To the extent the Government argues Mr. Turowski served as a “lookout” based on his call to alert Mr. Frank Best of his arrest, this argument fails for the same reasons. See United States v. Miller, No. 17-CR-415 (MKB), 2019 WL 2232124, at *5 (E.D.N.Y. May 23, 2019) (“However, serving merely as a lookout is insufficient to satisfy the government's burden. The government must prove beyond a reasonable doubt that Defendant had knowledge and specific intent to participate in the drug conspiracy.”).

Accordingly, the Court will grant Mr. Turowski's motion for acquittal on Count Two.

Because the Court is granting Mr. Turowski's motion for acquittal based on the sufficiency of the evidence, it does not reach and need not address his First Amendment arguments or his renewed motion to dismiss Count Eight. Accordingly, Mr. Turowski's renewed motion to dismiss Count Eight will be denied as moot.

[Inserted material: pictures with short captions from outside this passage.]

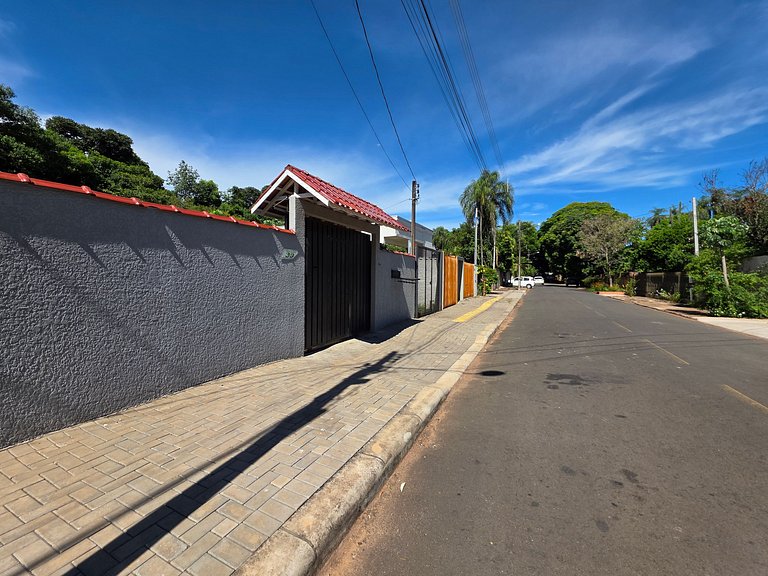 Casa Familiar - Área de Lazer - bairro tranquilo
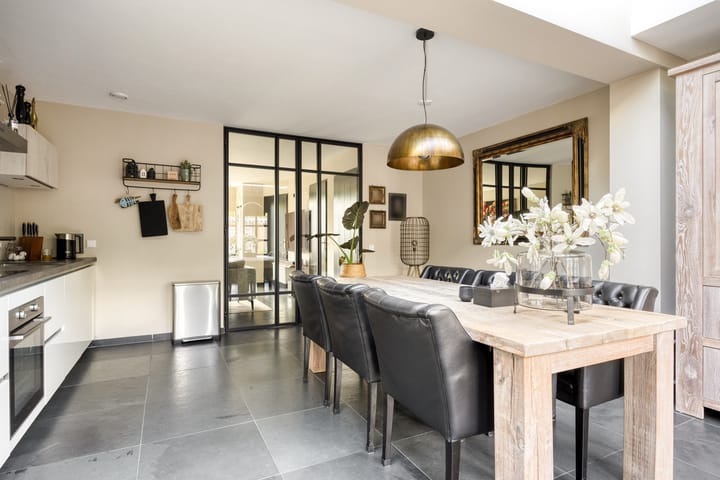 Foto 8 van Naardenstraat 161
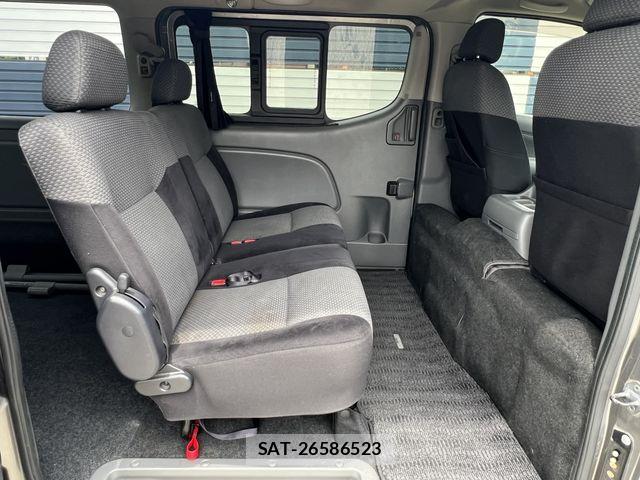 Nissan NV350 Caravan 2013-01 7787918-11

b. The Count Two Quantities as to Mr. Wallace Best, Mr. Thomas, and Mr. Frank Best

“[D]rug quantity is an element that must always be pleaded and proved to a jury or admitted by a defendant to support conviction or sentence on an aggravated offense under § 841(b)(1)(A) or -(b)(1)(B).” United States v. Gonzalez, 420 F.3d 111, 131 (2d Cir. 2005). “The drug quantity attributable to a defendant knowingly participating in a drug distribution conspiracy includes (1) transactions in which he participated directly, (2) transactions in which he did not personally participate, but where he knew of the transactions or they were reasonably foreseeable to him, and (3) quantities he agreed to distribute or possess with intent to distribute ‘regardless of whether he ultimately committed the substantive act.'” United States v. Pauling, 924 F.3d 649, 657 (2d Cir. 2019) (quoting Jackson, 335 F.3d at 181).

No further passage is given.